-- What the exercise asks --
Extract all lines from the data beneath that include the word "page".

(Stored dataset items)

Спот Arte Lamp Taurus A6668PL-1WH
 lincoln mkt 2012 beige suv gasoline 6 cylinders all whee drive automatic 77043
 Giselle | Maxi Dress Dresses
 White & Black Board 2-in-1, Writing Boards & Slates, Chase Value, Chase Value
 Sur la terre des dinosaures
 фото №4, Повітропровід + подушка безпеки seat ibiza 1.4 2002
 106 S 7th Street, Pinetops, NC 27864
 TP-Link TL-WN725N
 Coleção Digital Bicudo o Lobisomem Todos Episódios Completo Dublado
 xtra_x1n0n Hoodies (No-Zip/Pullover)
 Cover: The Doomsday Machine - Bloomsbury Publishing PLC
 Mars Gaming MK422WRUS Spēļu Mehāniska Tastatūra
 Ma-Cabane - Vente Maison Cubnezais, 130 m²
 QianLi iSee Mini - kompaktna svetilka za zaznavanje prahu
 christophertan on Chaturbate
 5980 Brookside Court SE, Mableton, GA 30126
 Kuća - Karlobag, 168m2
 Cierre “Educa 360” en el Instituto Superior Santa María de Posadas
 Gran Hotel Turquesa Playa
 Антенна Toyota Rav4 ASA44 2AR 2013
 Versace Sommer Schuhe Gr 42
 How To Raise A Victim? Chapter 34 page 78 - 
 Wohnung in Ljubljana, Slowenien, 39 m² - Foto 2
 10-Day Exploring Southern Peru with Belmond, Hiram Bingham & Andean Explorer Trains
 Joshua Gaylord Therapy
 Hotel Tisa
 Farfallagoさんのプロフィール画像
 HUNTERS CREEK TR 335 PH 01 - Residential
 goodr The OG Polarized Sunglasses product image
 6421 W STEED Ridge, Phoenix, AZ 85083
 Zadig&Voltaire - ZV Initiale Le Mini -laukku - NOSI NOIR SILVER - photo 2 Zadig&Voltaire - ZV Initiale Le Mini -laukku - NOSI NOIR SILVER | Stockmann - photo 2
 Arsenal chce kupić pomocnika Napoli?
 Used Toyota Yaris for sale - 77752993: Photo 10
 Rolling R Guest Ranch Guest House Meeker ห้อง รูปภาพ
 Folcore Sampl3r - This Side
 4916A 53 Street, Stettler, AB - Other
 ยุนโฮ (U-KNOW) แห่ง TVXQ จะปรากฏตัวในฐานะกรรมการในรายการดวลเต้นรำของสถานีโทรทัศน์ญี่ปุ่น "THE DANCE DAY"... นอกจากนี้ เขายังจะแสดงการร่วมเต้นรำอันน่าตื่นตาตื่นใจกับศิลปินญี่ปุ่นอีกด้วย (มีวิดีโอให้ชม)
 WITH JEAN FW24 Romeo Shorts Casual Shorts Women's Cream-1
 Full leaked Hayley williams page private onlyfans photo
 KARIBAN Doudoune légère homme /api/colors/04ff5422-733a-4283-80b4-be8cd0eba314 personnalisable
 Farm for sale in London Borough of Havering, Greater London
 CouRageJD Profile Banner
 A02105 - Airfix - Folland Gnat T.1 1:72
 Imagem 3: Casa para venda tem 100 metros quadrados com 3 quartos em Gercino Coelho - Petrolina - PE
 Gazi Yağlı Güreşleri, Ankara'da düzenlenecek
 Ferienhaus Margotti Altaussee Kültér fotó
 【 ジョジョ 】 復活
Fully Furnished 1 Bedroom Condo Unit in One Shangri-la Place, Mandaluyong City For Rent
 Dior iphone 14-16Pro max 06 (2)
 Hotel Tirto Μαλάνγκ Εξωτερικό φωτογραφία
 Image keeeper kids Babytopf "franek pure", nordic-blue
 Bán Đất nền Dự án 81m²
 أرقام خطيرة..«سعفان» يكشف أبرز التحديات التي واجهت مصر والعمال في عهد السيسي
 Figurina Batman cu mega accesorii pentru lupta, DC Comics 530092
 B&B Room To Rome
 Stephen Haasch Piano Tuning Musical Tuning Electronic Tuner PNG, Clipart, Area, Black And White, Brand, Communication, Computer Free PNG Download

-- Exercise output --
 How To Raise A Victim? Chapter 34 page 78 - 
 Full leaked Hayley williams page private onlyfans photo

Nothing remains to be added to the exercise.